Through meticulous examination of user behaviours across the entire battery lifecycle—encompassing purchase, usage, and return—the research precisely identifies behavioural feedback and latent needs at each stage. Guided by a user-centred design philosophy, the paper specifically maps users' emotional fluctuations and psychological mechanisms during battery-related interactions, ensuring the recycling system incorporates thoughtful consideration at every detail.
To enhance public willingness to recycle, the proposed design boosts user motivation for battery return by maximising convenience and implementing incentive-based feedback mechanisms. Innovatively integrating automated vending systems with traditional battery sales models, it formalises the recycling process as a standard component of the battery sales chain.

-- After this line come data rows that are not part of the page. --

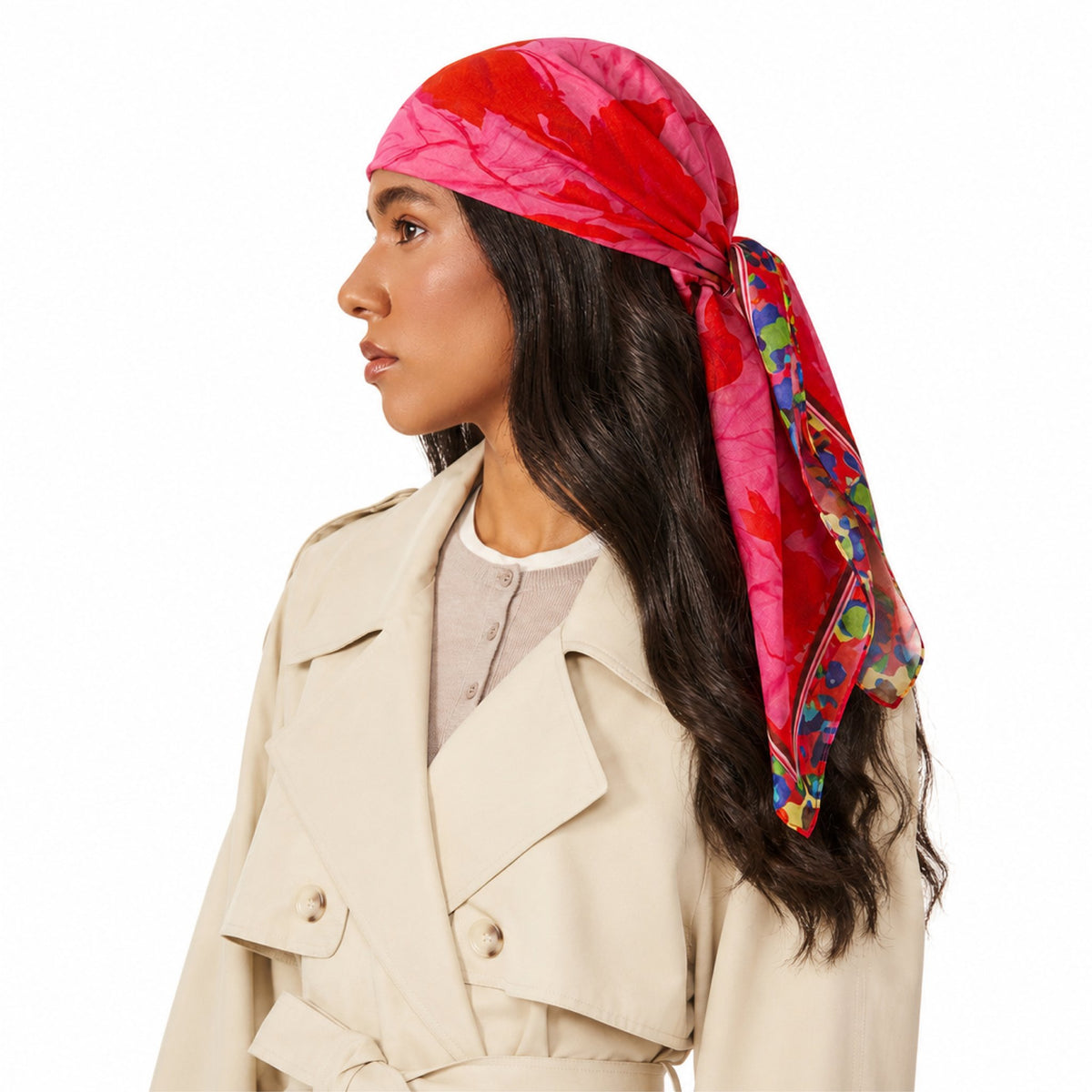 Model wearing TUK Prima Ballerina Head Scarf in pink and red floral print, tied at the back with colorful flowing tails.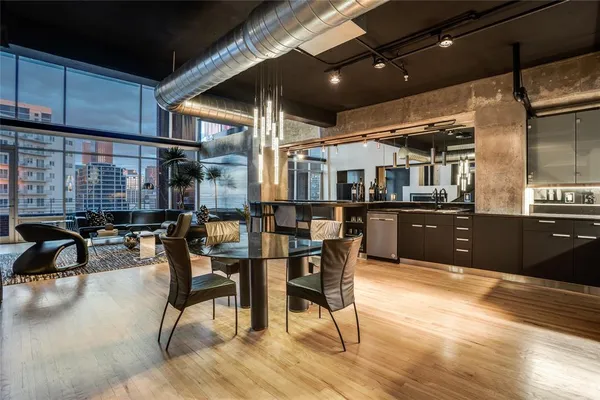 a open kitchen with stainless steel appliances kitchen island granite countertop a table and chairs in it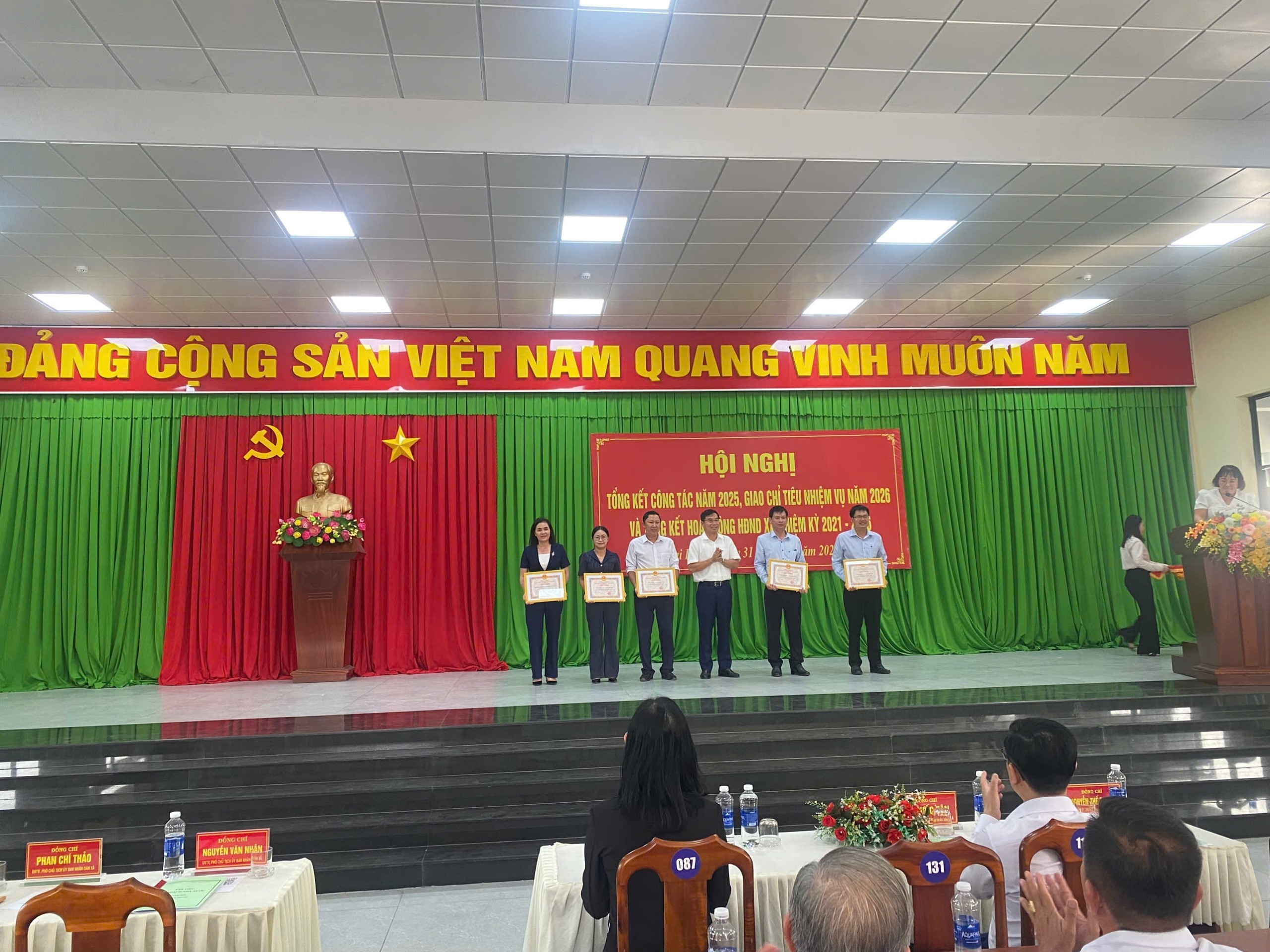 'A group of people on a stage
Description automatically generated'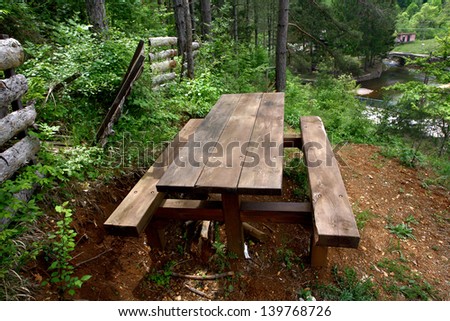 Picnic place in forest bench of wood in the woods
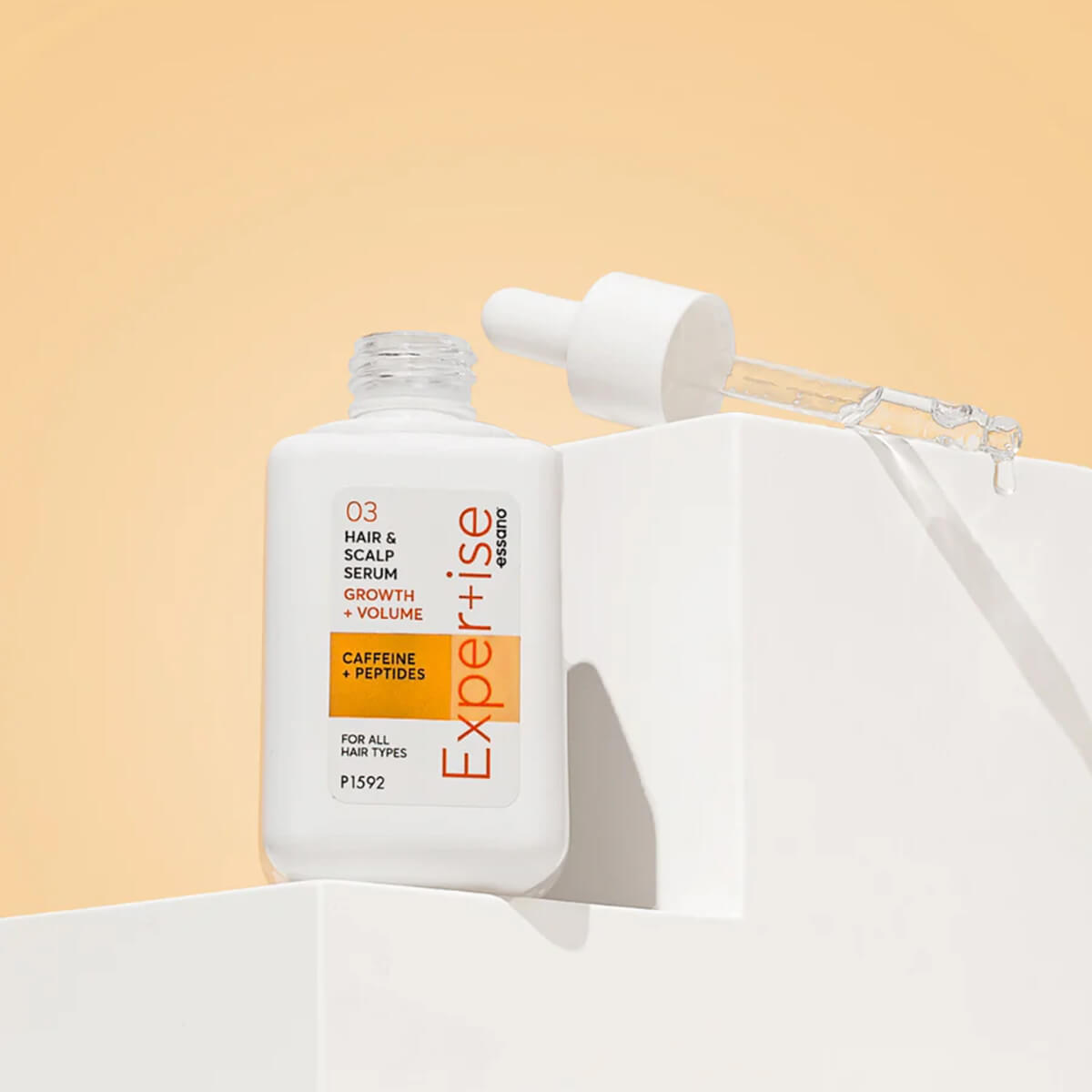 Expertise hair serum bottle on a light background.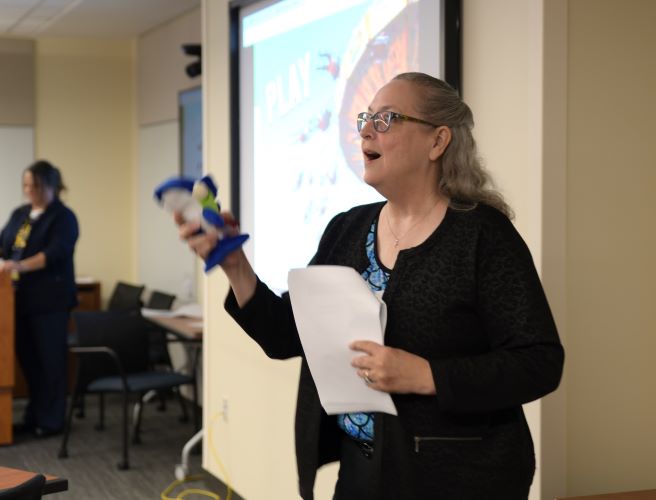 Lynn McCain throwing Pete as she teaches on "Play"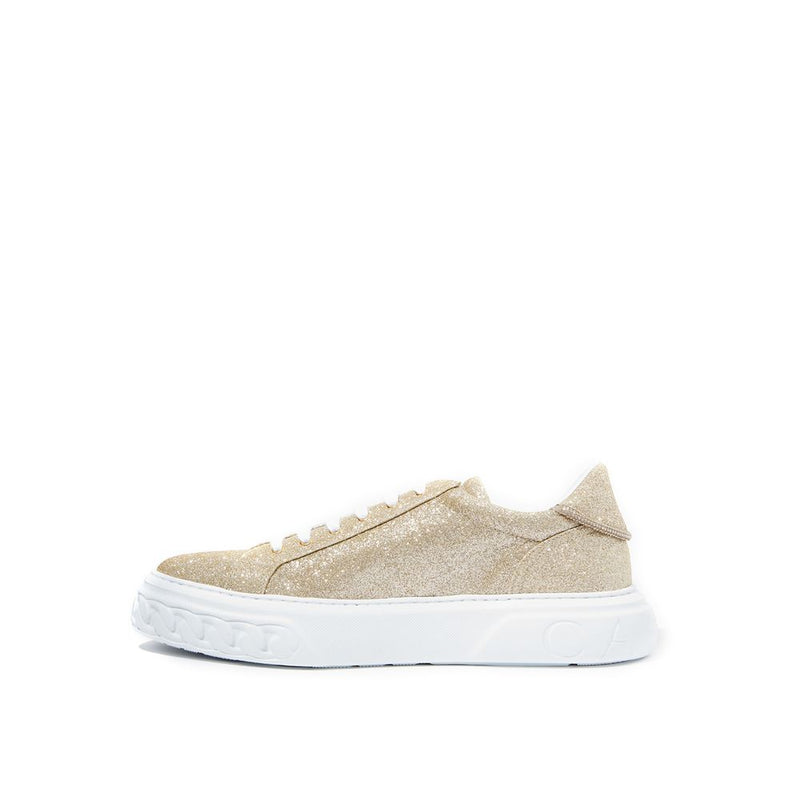 Eleganti sneaker in pelle dorata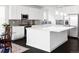Bright kitchen with white cabinetry, stainless steel appliances, and a large center island at 500 176Th Ave, Broomfield, CO 80023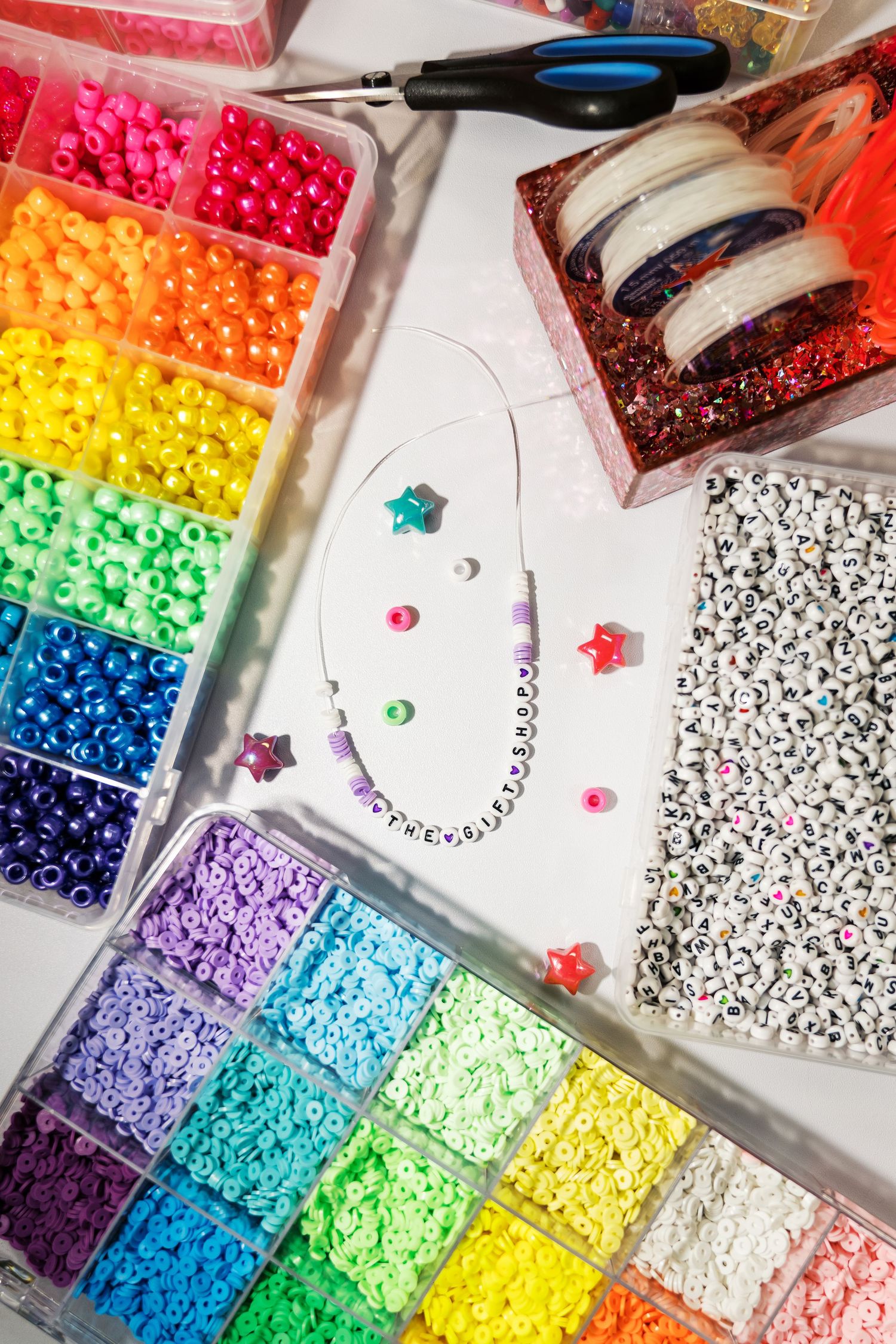 Colorful rainbow assortment of plastic beads organized in clear compartments with pattern templates for craft projects.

This integration aims to strengthen the holistic responsibility awareness among producers, sellers, and consumers for waste battery recycling.
Problem Statement
"The waste of the era"
With the continuous discovery, application, refinement, and replacement of materials, the single-use dry battery, as a crucial portable power source, remains irreplaceable – a status it has held for the past century and will likely maintain in the short-term future. Even if cleaner, more environmentally friendly new energy sources replace dry batteries in the coming decades, vast quantities of used single-use batteries discarded today have already become 'the waste of the era.' Containing a certain proportion of heavy metal elements, improper disposal of these batteries can cause widespread environmental pollution. Over time, this accumulation also poses a serious threat to human health.

Research progress
This project began with an investigation into dry batteries and their recycling. I examined various methods for handling waste dry batteries internationally, analysing their advantages and disadvantages. Subsequently, I compared the current status and future trends of waste battery treatment from the perspectives of both China and developed foreign countries. This comparative analysis provides a clearer view of existing deficiencies in China's current approach to waste dry battery disposal, thereby identifying potential entry points for my design of a domestic waste dry battery recycling system.
User Research
Furthermore, I conducted surveys and interviews to gauge public attitudes towards battery recycling, gathering materials and evidence to inform the design of a user-friendly dry battery recycling system.
A series of investigations targeting general battery users revealed minimal demographic segmentation by age or gender in consumption patterns. However, purchasing channels demonstrated significant concentration, predominantly occurring at local convenience stores and small supermarkets, with online platforms accounting for a substantial proportion. Utilising this empirical data, I simulated the end-to-end journey of a typical consumer, from battery acquisition through usage to final disposal, documenting behavioural patterns at each stage.
User journey map
The figure below is the user experience map that I have summarised based on the collected and organised research information. Many behaviours exhibited intrinsic linkages to users' emotional states. To visualise this relationship, I developed an emotional fluctuation curve synchronising observed actions with corresponding psychological responses across the usage timeline. The lower red waveform vividly illustrates consumers' volatile emotional states throughout the purchase-to-recycle continuum, while the superimposed green trajectory represents the optimised affective experience achievable through targeted service enhancements.

Design Concept
Power Cube is a product-service combination that integrates waste dry battery recycling into an automated vending system. This approach incorporates battery recycling into the battery sales process, offering users greater convenience and feedback mechanisms to enhance public awareness of battery recycling. This integration also provides a basis for the functional and aesthetic design of the subsequent model.